Print the listing below only from the line that has "Image uploaded by Caroline 🇨🇦" through the line that has "THE FOLLOWING: Ryan", exactly, and drop any picture.

__Record excerpts__:
=== Begin Enclosure ===
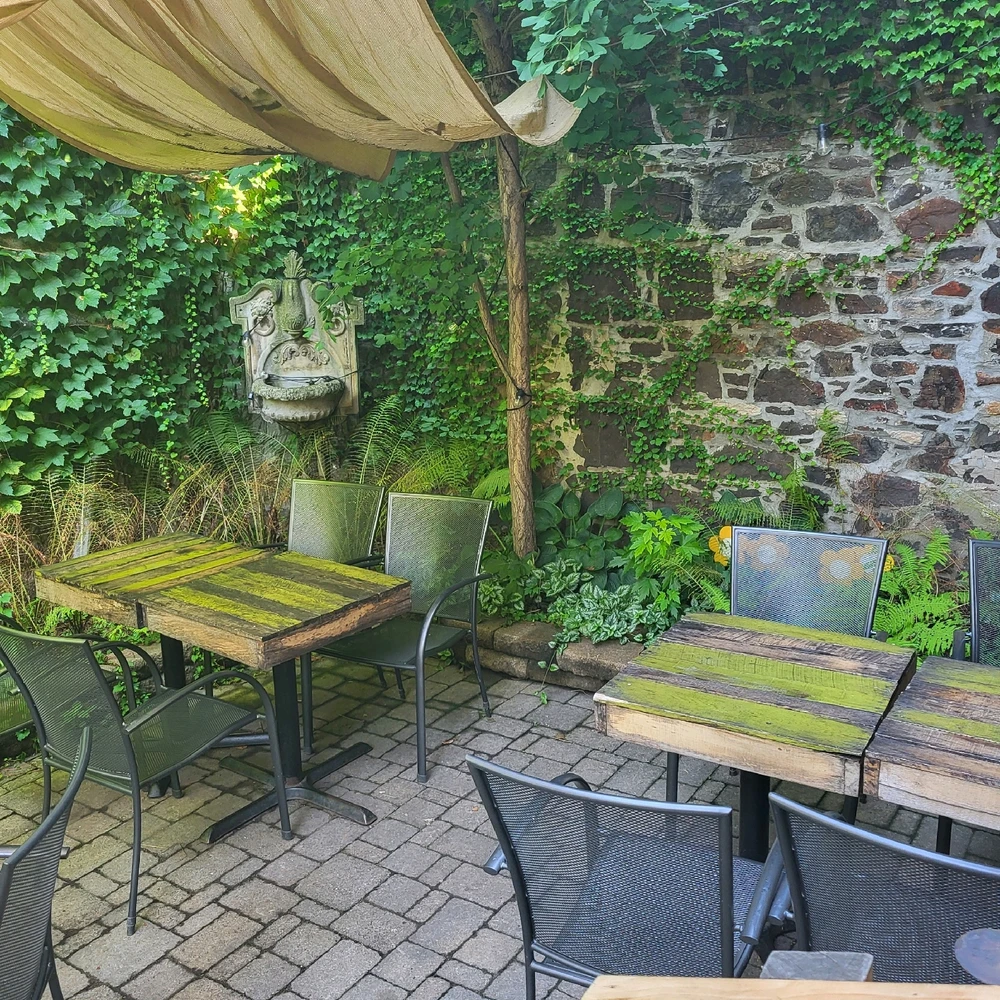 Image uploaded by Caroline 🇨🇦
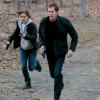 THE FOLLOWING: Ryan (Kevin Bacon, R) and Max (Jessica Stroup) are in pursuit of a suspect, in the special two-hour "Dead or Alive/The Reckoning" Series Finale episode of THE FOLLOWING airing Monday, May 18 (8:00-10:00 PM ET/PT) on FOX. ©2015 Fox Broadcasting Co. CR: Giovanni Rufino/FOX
=== End Enclosure ===
=== Begin Enclosure ===
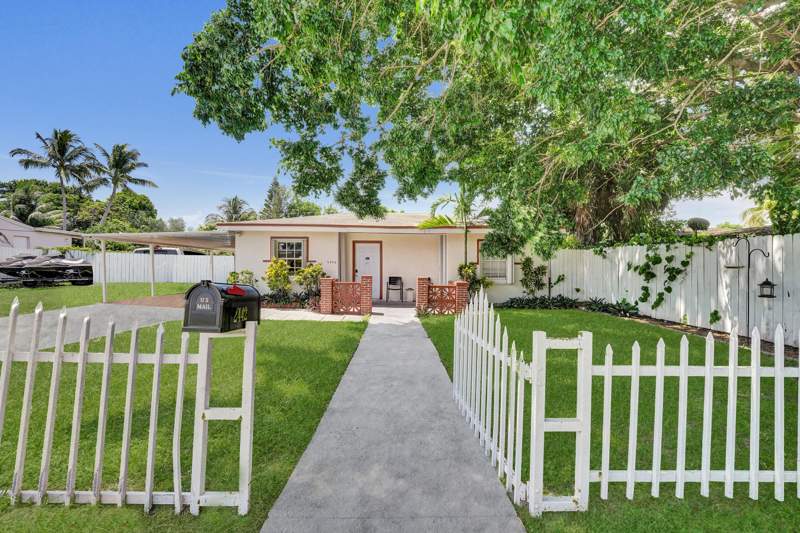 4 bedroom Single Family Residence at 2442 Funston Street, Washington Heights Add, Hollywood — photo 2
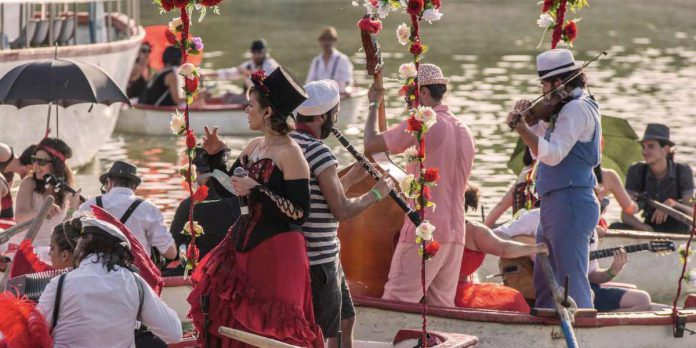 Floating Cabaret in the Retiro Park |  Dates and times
=== End Enclosure ===
__Answer area__:
 Image uploaded by Caroline 🇨🇦
 THE FOLLOWING: Ryan (Kevin Bacon, R) and Max (Jessica Stroup) are in pursuit of a suspect, in the special two-hour "Dead or Alive/The Reckoning" Series Finale episode of THE FOLLOWING airing Monday, May 18 (8:00-10:00 PM ET/PT) on FOX. ©2015 Fox Broadcasting Co. CR: Giovanni Rufino/FOX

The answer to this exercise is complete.